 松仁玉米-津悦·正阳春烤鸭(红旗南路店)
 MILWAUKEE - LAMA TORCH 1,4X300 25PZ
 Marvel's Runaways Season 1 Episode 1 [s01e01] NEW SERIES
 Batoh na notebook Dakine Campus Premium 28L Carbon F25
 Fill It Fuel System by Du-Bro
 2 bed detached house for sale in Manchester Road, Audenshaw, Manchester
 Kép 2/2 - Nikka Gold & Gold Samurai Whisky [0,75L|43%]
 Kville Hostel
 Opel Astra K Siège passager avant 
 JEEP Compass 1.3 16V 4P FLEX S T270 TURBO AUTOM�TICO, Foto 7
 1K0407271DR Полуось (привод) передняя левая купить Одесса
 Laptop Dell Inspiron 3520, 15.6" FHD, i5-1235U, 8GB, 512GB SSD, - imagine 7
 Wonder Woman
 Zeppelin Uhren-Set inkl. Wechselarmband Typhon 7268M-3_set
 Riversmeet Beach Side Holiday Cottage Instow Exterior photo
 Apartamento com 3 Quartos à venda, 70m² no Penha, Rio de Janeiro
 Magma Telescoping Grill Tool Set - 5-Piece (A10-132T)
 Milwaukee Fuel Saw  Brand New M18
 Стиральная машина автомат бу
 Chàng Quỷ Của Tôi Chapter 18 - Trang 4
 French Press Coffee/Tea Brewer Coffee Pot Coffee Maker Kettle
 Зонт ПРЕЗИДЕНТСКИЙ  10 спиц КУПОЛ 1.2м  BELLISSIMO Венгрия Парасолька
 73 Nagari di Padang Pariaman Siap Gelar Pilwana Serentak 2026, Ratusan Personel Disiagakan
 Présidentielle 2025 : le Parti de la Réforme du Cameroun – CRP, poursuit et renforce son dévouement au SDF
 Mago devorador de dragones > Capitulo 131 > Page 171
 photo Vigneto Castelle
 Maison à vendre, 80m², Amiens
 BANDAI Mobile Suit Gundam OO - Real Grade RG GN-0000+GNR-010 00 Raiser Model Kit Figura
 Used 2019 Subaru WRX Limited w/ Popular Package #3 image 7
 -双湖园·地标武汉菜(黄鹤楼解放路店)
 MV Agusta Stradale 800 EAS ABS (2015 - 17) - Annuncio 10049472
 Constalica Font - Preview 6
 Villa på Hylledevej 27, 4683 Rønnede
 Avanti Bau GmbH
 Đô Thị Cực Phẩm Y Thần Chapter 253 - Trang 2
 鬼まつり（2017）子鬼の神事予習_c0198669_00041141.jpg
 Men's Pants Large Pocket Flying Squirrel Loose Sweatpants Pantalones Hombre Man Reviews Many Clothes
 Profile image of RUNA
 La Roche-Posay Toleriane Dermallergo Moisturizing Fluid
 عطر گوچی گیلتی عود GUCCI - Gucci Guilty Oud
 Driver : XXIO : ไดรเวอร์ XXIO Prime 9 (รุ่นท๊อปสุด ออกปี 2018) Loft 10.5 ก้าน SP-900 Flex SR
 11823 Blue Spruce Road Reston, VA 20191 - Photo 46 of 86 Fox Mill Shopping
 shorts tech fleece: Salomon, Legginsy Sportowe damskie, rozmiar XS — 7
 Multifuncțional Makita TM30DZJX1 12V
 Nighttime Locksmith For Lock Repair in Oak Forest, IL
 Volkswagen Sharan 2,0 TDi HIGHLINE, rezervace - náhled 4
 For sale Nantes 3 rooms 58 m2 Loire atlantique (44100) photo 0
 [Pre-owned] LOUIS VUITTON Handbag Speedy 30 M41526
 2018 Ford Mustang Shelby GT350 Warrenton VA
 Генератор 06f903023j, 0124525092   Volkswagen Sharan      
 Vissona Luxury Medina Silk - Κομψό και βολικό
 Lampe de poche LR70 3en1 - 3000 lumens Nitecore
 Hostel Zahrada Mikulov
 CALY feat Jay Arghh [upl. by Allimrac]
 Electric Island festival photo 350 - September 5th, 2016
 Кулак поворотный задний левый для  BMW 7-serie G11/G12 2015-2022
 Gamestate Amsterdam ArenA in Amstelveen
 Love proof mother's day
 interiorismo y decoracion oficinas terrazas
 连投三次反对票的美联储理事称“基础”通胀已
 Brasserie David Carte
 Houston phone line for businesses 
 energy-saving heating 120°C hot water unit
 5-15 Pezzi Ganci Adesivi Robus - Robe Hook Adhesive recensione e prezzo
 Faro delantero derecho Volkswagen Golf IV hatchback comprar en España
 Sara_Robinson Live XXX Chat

● **DIRECTIONS FOR THIS TASK**: Reproduce only the lines above, starting at the line with "Volkswagen Sharan 2,0" and ending at the line with "energy-saving heating 120°C hot water unit", exactly as written.

● **RESULT OF THE TASK**:
 Volkswagen Sharan 2,0 TDi HIGHLINE, rezervace - náhled 4
 For sale Nantes 3 rooms 58 m2 Loire atlantique (44100) photo 0
 [Pre-owned] LOUIS VUITTON Handbag Speedy 30 M41526
 2018 Ford Mustang Shelby GT350 Warrenton VA
 Генератор 06f903023j, 0124525092   Volkswagen Sharan      
 Vissona Luxury Medina Silk - Κομψό και βολικό
 Lampe de poche LR70 3en1 - 3000 lumens Nitecore
 Hostel Zahrada Mikulov
 CALY feat Jay Arghh [upl. by Allimrac]
 Electric Island festival photo 350 - September 5th, 2016
 Кулак поворотный задний левый для  BMW 7-serie G11/G12 2015-2022
 Gamestate Amsterdam ArenA in Amstelveen
 Love proof mother's day
 interiorismo y decoracion oficinas terrazas
 连投三次反对票的美联储理事称“基础”通胀已
 Brasserie David Carte
 Houston phone line for businesses 
 energy-saving heating 120°C hot water unit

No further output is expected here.